There's no discipline or respect in our youth anymore, why would we expect less from them as adults? There's no respect for authority. They have no fear of authoritarian figures in their lives whether it's teachers, parents or government.


My grandparents are buried in the cemetery at the Old Chapel. Whenever we were close we would stop and pay respects. Walking that plot of ground is a lesson in history all by itself. There are many famous people resting there.
 
My grandparents are buried in the cemetery at the Old Chapel. Whenever we were close we would stop and pay respects. Walking that plot of ground is a lesson in history all by itself. There are many famous people resting there.

Isn't it amazing! Just to imagine walking on the same sidewalk where Dwight Eisenhower walked or look beyond the compound to the view of the Hudson River which looks pretty much the same as it did when Ulysses S. Grant looked at it. General Schwarzkopf, and in more recent time Buzz Aldrin all looked at that view. But these men were the honorable 'men of old' when politics was never a part of patriotism. There must be some men like these left in the country, no?
 
Isn't it amazing! Just to imagine walking on the same sidewalk where Dwight Eisenhower walked or look beyond the compound to the view of the Hudson River which looks pretty much the same as it did when Ulysses S. Grant looked at it. General Schwarzkopf, and in more recent time Buzz Aldrin all looked at that view. But these men were the honorable 'men of old' when politics was never a part of patriotism. There must be some men like these left in the country, no?

There are two large statues, near the Plain, of Eisenhower and MacArthur. They are situated so that they are not in the line of sight of the other.

“Eisenhower was the best clerk I ever had.” -Douglas MacArthur
 
I'd argue that the First Gulf War was a just war. I'd also argue that going into Lebanon in the 1980s was a just cause. Hell, the Vietnam War was started for good reasons (just poorly executed), as well as the Korean War. Without the US military, how much of the world would the Soviets now be inhabiting? The Chinese?

I won't argue that everything that the US military has ever done has been good and just, but much of it has been.
 
Without the US military, how much of the world would the Soviets now be inhabiting? The Chinese?

None, because the USSR would still be gone.
 
There are two large statues, near the Plain, of Eisenhower and MacArthur. They are situated so that they are not in the line of sight of the other.

“Eisenhower was the best clerk I ever had.” -Douglas MacArthur

MacArthur obviously never met our guy Robertinfreemont did he. ;)
 
None, because the USSR would still be gone.

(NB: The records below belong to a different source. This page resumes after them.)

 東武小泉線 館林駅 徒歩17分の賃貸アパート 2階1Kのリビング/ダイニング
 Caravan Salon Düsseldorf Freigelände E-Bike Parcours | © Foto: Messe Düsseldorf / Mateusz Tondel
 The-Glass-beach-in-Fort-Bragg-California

It largely was the military spending draining their economy that ended the Soviet Union. Without that drain (and with more satellite countries to suck off of) the Soviet Union might still be going today.

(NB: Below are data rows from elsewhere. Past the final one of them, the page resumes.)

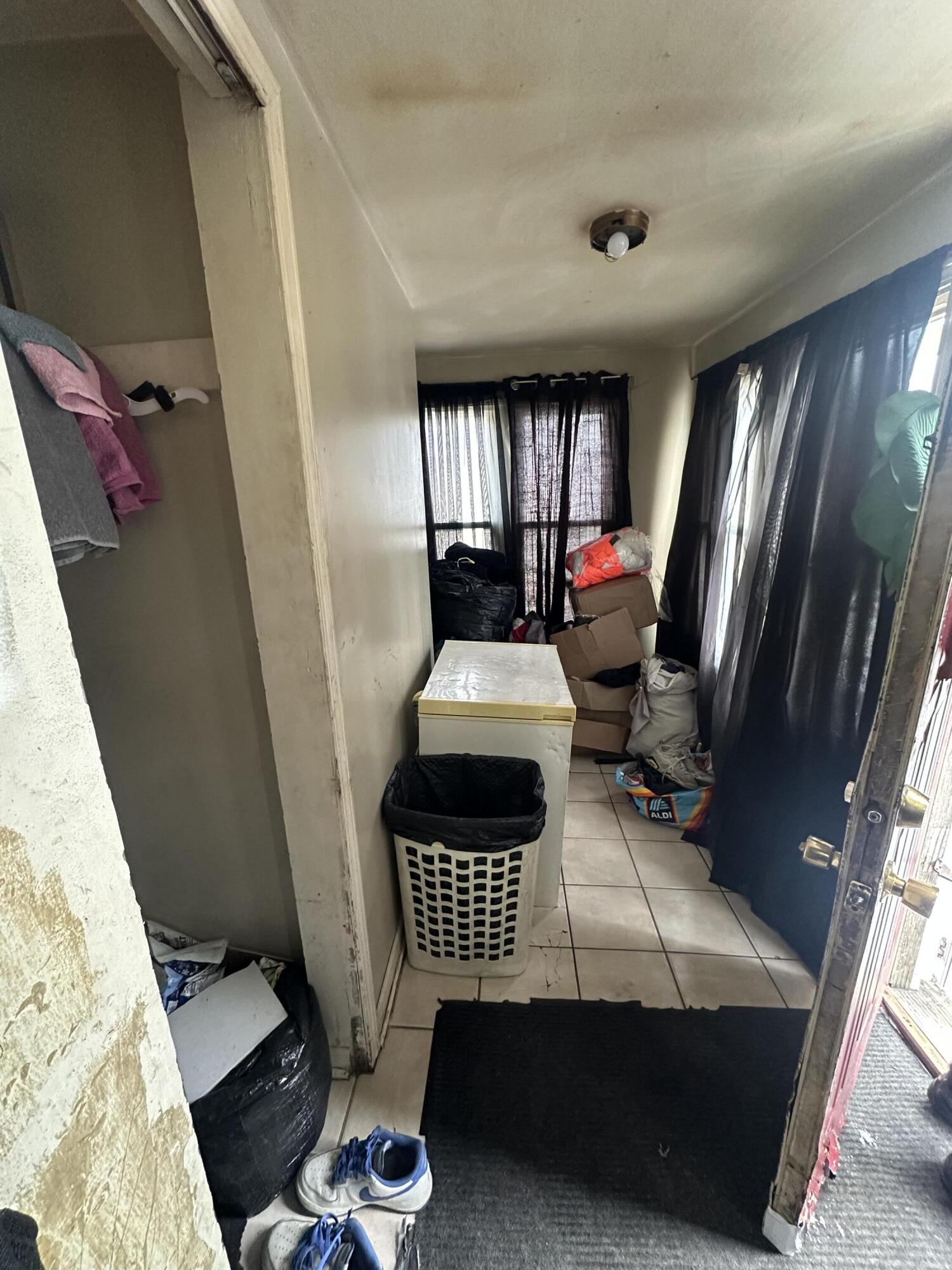 4338 Torrence Avenue Hammond, IN 46327 - Photo 4 of 30 1500x2000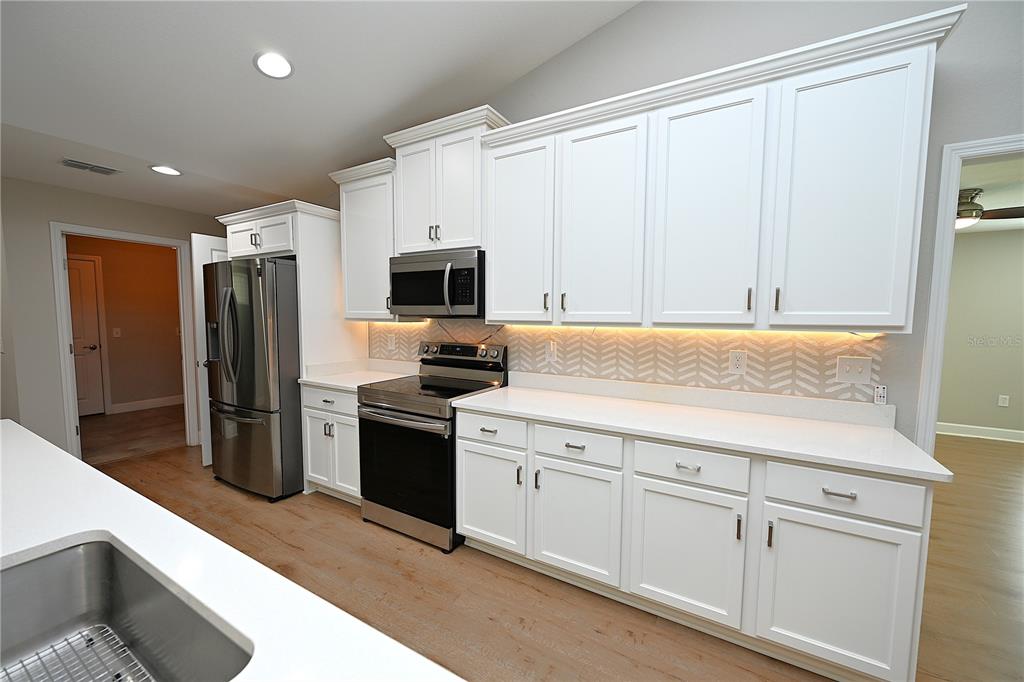 4435 Lake Hancock Road Lakeland, FL 33812 - Photo 12 of 47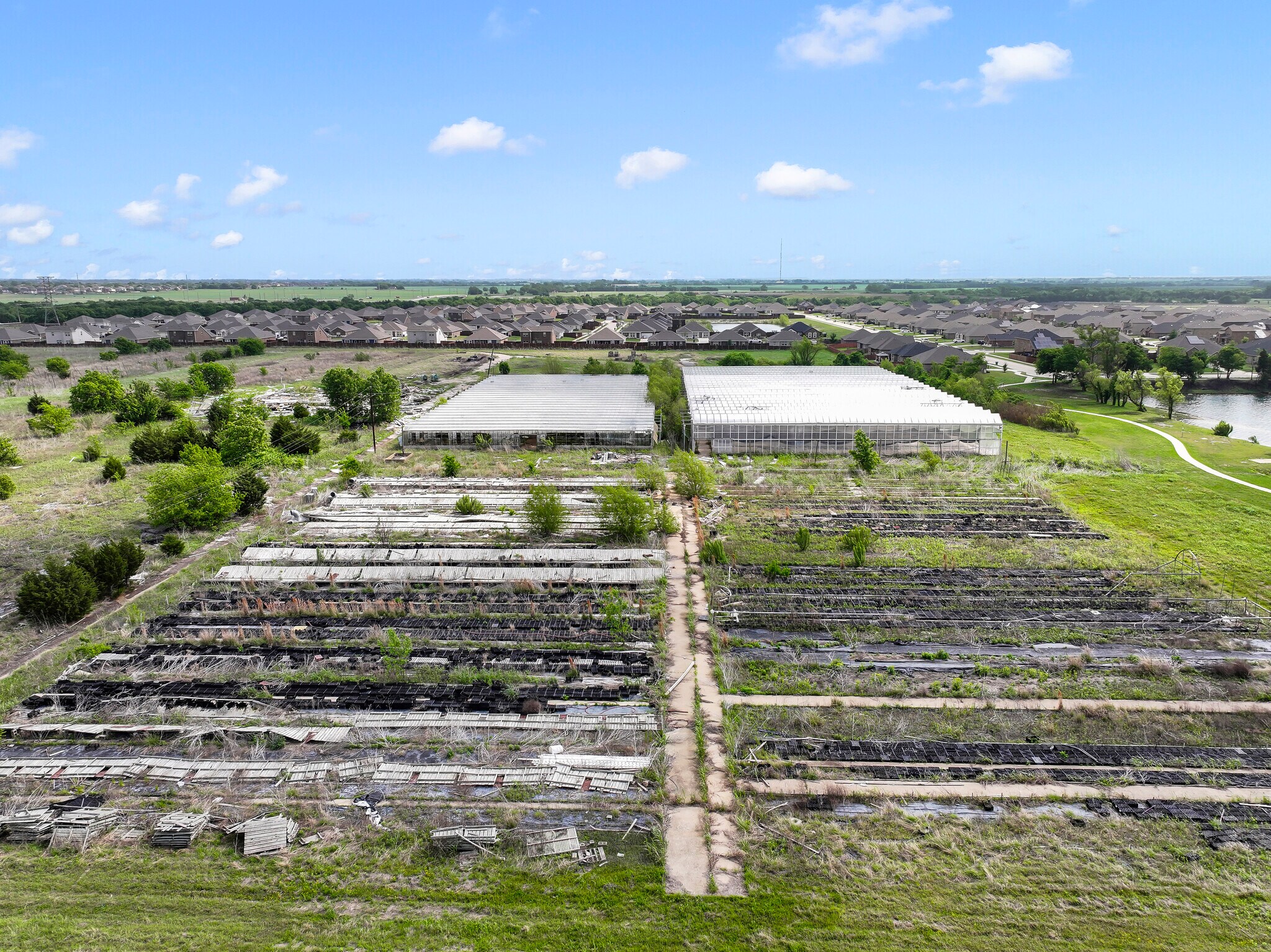 1402 Wyatt St, Waxahachie, TX for Sale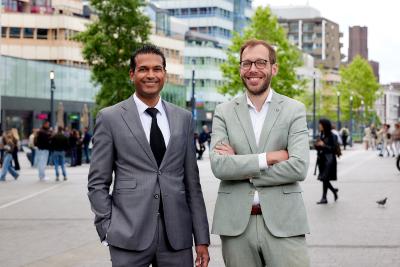 Vikash Rambaran en Ben Oldenhof buiten op straat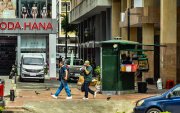 Un centro comercial funciona desde hace varios meses en la calle Chiriboga, entre Chile y Chimborazo, que antes era una zona de descanso con árboles.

Interesting tidbit: in the 1989, Boris Yeltson was in Texas for some meeting and "just stepped out" to see a real American supermarket. When he saw how much food the average American was able to indulge in, he realized that the Soviet system was too inefficient and had to end.
 
It largely was the military spending draining their economy that ended the Soviet Union. Without that drain (and with more satellite countries to suck off of) the Soviet Union might still be going today.

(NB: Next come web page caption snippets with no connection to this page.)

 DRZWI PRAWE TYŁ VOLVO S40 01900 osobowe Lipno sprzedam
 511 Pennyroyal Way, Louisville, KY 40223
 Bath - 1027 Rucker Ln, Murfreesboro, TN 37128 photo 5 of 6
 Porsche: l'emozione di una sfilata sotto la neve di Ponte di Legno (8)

That military spending was driven by Soviet experience in WW2, which informed them they needed a large standing military and extensive buffer space in order to provide strategic depth.

Had WWII not happened, and 15% of the Soviet population killed, the USSR would still be around today.
 
When did our armed forces turn from being soldiers into warriors?

My almost father in law is a world war two combat vet. I asked him one day what did the guys call themselves, he said they were just soldiers doing their jobs. How did we go from that to warriors? I think the word sends a bad negative message.

Soldiers are warriors. The two words are synonymous.

What negative message does it send?
 
Soldiers are warriors. The two words are synonymous.

What negative message does it send?

Maybe in your mind they are synonymous. After the second world war our soldiers helped build up both japan and europe. Warriors implies fighting, soldier doesn't.